Vassals of lesser importance were, the other numerous Galatian tetrarchs, one of whom, Bogodiatarus prince of the Trocmi, was on account of his tried valour in the Mithradatic war presented by Pompeius with the formerly Pontic frontier-town of Mithradatium; Attalus prince of Paphlagonia, who traced back his lineage to the old ruling house of the Pylaemenids; Aristarchus and other petty lords in the Colchian territory; Tarcondimotus who ruled in eastern Cilicia in the mountain-valleys of the Amanus; Ptolemaeus son of Mennaeus who continued to rule in Chalcis on the Libanus; Aretas king of the Nabataeans as lord of Damascus; lastly, the Arabic emirs in the countries on either side of the Euphrates, Abgarus in Osrhoene, whom the Romans endeavoured in every way to draw over to their interest with the view of using him as an advanced post against the Parthians, Sampsiceramus in Hemesa, Alchaudonius the Rhambaean, and another emir in Bostra.

Priestly Princes

To these fell to be added the spiritual lords who in the east frequently ruled over land and people like secular dynasts, and whose authority firmly established in that native home of fanaticism the Romans prudently refrained from disturbing, as they refrained from even robbing the temples of their treasures: the high-priest of the Goddess Mother in Pessinus; the two high-priests of the goddess Ma in the Cappadocian Comana (on the upper Sarus) and in the Pontic city of the same name (Gumenek near Tocat), both lords who were in their countries inferior only to the king in power, and each of whom even at a much later period possessed extensive estates with special jurisdiction and about six thousand temple-slaves - Archelaus, son of the general of that name who passed over from Mithradates to the Romans, was invested by Pompeius with the Pontic high-priesthood - the high-priest of the Venasian Zeus in the Cappadocian district of Morimene, whose revenues amounted annually to 3600 pounds (15 talents); the "archpriest and lor" of that territory in Cilicia Trachea, where Teucer the son of Ajax had founded a temple to Zeus, over which his descendants presided by virtue of hereditary right; the "arch-priest and lord of the people" of the Jews, to whom Pompeius, after having razed the walls of the capital and the royal treasuries and strongholds in the land, gave back the presidency of the nation with a serious admonition to keep the peace and no longer to aim at conquests.

Urban Communities

Alongside of these secular and spiritual potentates stood the urban communities. These were partly associated into larger unions which rejoiced in a comparative independence, such as in particular the league of the twenty-three Lycian cities, which was well organized and constantly, for instance, kept aloof from participation in the disorders of piracy; whereas the numerous detached communities, even if they had self-government secured by charter, were in practice wholly dependent on the Roman governors.

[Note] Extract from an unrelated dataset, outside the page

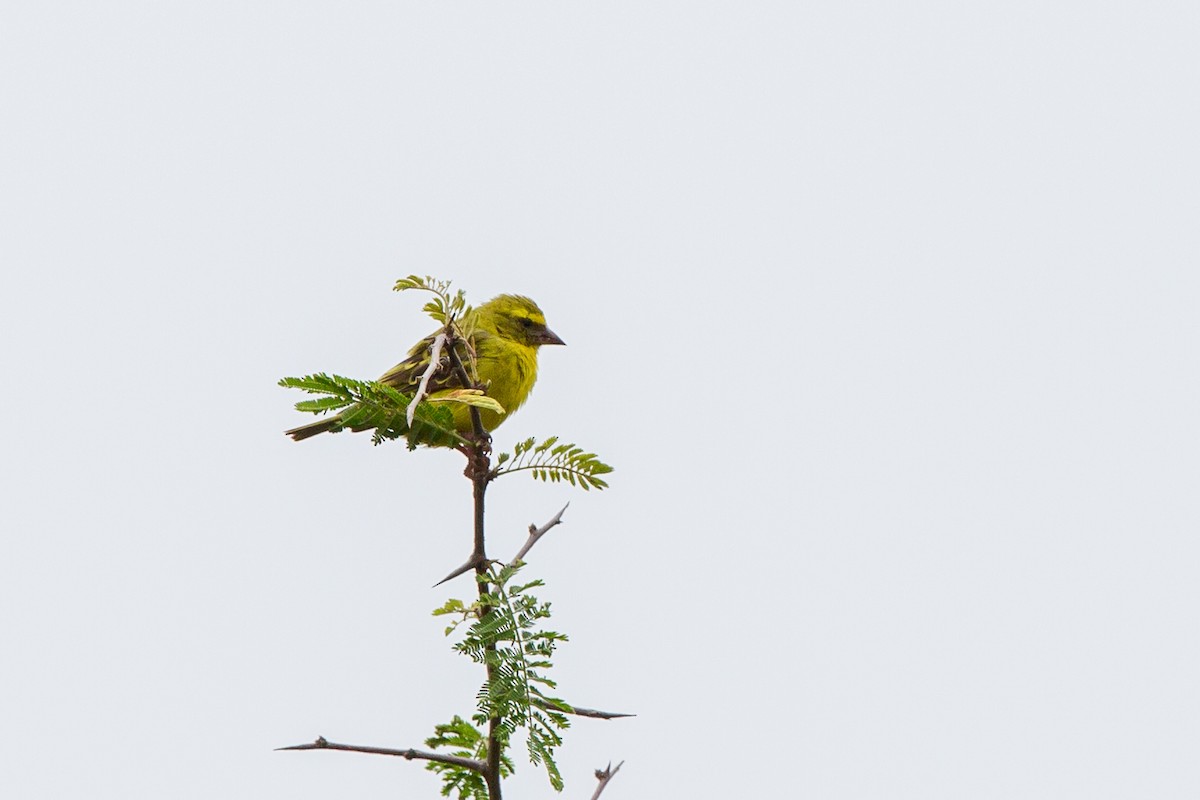 Serin à diadème - ML96569311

Elevation of Urban Life in Asia

The Romans failed not to see that with the task of representing Hellenism and protecting and extending the domain of Alexander in the east there devolved on them the primary duty of elevating the urban system; for, while cities are everywhere the pillars of civilization, the antagonism between Orientals and Occidentals was especially and most sharply embodied in the contrast between the Oriental, military-despotic, feudal hierarchy and the Helleno-Italic urban commonwealth prosecuting trade and commerce. Lucullus and Pompeius, however little they in other respects aimed at the reduction of things to one level in the east, and however much the latter was disposed in questions of detail to censure and alter the arrangements of his predecessor, were yet completely agreed in the principle of promoting as far as they could an urban life in Asia Minor and Syria. Cyzicus, on whose vigorous resistance the first violence of the last war had spent itself, received from Lucullus a considerable extension of its domain. The Pontic Heraclea, energetically as it had resisted the Romans, yet recovered its territory and its harbours; and the barbarous fury of Cotta against the unhappy city met with the sharpest censure in the senate.

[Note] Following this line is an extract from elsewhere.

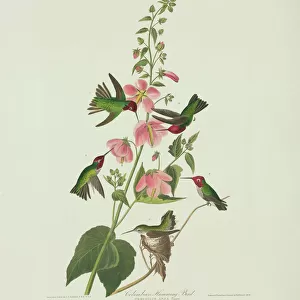 Apodiformes Glass Coaster Collection: Hummingbirds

Lucullus had deeply and sincerely regretted that fate had refused him the happiness of rescuing Sinope and Amisus from devastation by the Pontic soldiery and his own: he did at least what he could to restore them, extended considerably their territories, peopled them afresh - partly with the old inhabitants, who at his invitation returned in troops to their beloved homes, partly with new settlers of Hellenic descent - and provided for the reconstruction of the buildings destroyed. Pompeius acted in the same spirit and on a greater scale. Already after the subjugation of the pirates he had, instead of following the example of his predecessors and crucifying his prisoners, whose number exceeded 20,000, settled them partly in the desolated cities of the Plain Cilicia, such as Mallus, Adana, Epiphaneia, and especially in Soli, which thenceforth bore the name of Pompeius' city (Pompeiupolis), partly at Dyme in Achaia, and even at Tarentum. This colonizing by means of pirates met with manifold censure[22], as it seemed in some measure to set a premium on crime; in reality it was, politically and morally, well justified, for, as things then stood, piracy was something different from robbery and the prisoners might fairly be treated according to martial law.

New Towns Established

But Pompeius made it his business above all to promote urban life in the new Roman provinces. We have already observed how poorly provided with towns the Pontic empire was[23]: most districts of Cappadocia even a century after this had no towns, but merely mountain fortresses as a refuge for the agricultural population in war; the whole east of Asia Minor, apart from the sparse Greek colonies on the coasts, must have been at this time in a similar plight. The number of towns newly established by Pompeius in these provinces is, including the Cilician settlements, stated at thirty-nine, several of which attained great prosperity. The most notable of these townships in the former kingdom of Pontus were Nicopolis, the "city of victory", founded on the spot where Mithradates sustained the last decisive defeat[24] - the fairest memorial of a general rich in similar trophies; Megalopolis, named from Pompeius' surname, on the frontier of Cappadocia and Lesser Armenia, the subsequent Sebasteia (now Siwas); Ziela, where the Romans fought the unfortunate battle[25], a township which had arisen round the temple of Anaitis there and hitherto had belonged to its high-priest, and to which Pompeius now gave the form and privileges of a city; Diopolis, formerly Cabira, afterwards Neocaesarea (Niksar), likewise one of the battle-fields of the late war; Magnopolis or Pompeiupolis, the restored Eupatoria at the confluence of the Lycus and the Iris, originally built by Mithradates, but again destroyed by him on account of the defection of the city to the Romans[26]; Neapolis, formerly Phazemon, between Amasia and the Halys. Most of the towns thus established were formed not by bringing colonists from a distance, but by the suppression of villages and the collection of their inhabitants within the new ring-wall; only in Nicopolis Pompeius settled the invalids and veterans of his army, who preferred to establish a home for themselves there at once rather than afterwards in Italy. But at other places also there arose on the suggestion of the regent new centres of Hellenic civilization. In Paphlagonia a third Pompeiupolis marked the spot where the army of Mithradates in 666 achieved the great victory over the Bithynians[27]. In Cappadocia, which perhaps had suffered more than any other province by the war, the royal residence Mazaca (afterwards Caesarea, now Kaisarieh) and seven other townships were re-established by Pompeius and received urban institutions.